Para a adesão ao Selo Clima, as empresas devem cadastrar-se e enviar à Secretaria do Meio Ambiente e Recursos Hídricos (SEMA) suas respectivas declarações de emissão de gases de efeito estufa. As empresas que apresentam reduções nas emissões são beneficiadas com o selo, tendo a possibilidade de extensão do prazo de validade de suas Licenças de Operação. Em 2016, 12 empresas receberam o selo, e duas destas são associadas à Apre.

"Isso evidencia o interesse e a preocupação do setor florestal de base plantada do estado nesta questão. A transição para uma economia de baixo carbono é inevitável e o Paraná, assim como as associadas à Apre, têm demonstrado engajamento na busca pela redução das emissões de gases de efeito estufa (GEE)", ressalta o presidente da Apre.

Cadastro Ambiental Rural (CAR)

Um dos mais importantes programas ambientais em nível nacional é o Programa de Regularização Ambiental (PRA), que compreende um conjunto de ações ou iniciativas a serem desenvolvidas para adequar e promover a regularização ambiental. Uma dessas ações é o Cadastro Ambiental Rural (CAR), um registro eletrônico autodeclaratório obrigatório para evidenciar o status da regularização ambiental (APP e RL) das propriedades e posses rurais. A inscrição do imóvel rural objeto de regularização é condição obrigatória para a adesão ao programa. Recentemente, o prazo para realizar o cadastro foi prorrogado para 31 de dezembro.

De acordo com o Estudo Setorial de Florestas Plantadas produzido pela Apre, um importante indicador ambiental é o número de imóveis privados com CAR e sua relação ao número total de imóveis em uma região ou estado. Até meados de 2016, o Paraná estava posicionado na segunda colocação nacional, com 357 mil imóveis cadastrados (96%) do total de 371 mil propriedades rurais. Em área, os imóveis cadastrados representaram cerca de 14 milhões de hectares.
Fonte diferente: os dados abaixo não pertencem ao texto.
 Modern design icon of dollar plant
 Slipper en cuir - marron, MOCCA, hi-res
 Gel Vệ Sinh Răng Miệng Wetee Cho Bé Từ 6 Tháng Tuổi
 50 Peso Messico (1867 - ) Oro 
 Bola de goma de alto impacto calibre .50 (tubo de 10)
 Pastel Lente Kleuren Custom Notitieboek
"Esse resultado é expressivo e indica que os proprietários desses imóveis rurais têm buscado a recuperação de APP, RL e demais ações de restauração. As empresas associadas à Apre, com suas iniciativas de programas ambientais, atenderam mais de 2.400 pessoas em 2016, e os investimentos nessas iniciativas somaram R$ 3,84 milhões. Nos próximos cinco anos, a expectativa das nossas associadas é de atender mais de 3.900 pessoas, com perspectiva de investimento superior a R$ 6,8 milhões em atividades de cunho ambiental. Esses números evidenciam o engajamento e contribuição do setor florestal paranaense, com destaque para as empresas associadas à Apre, que participam ativamente com iniciativas para a preservação e proteção ambiental do estado", completa Scheffer Junior. 
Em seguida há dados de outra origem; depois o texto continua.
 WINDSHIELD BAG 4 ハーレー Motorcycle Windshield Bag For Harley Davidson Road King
O Estudo Setorial também ressalta os benefícios dos produtos provenientes de florestas plantadas. O reuso e reciclagem, em função de seu potencial de reutilização, seja para produtos de maior valor agregado, como móveis de madeira de demolição, ou geração de energia; madeira de floresta plantada é de rápido crescimento, comparativamente às espécies nativas, o que possibilita produção em larga escala e em tempo reduzido, com menor ocupação de área cultivada e impacto ambiental; produção e processamento utilizam muito menos energia do que a maioria dos outros materiais de construção, proporcionando aos produtos de madeira uma pegada de carbono (carbon footprint) significativamente menor.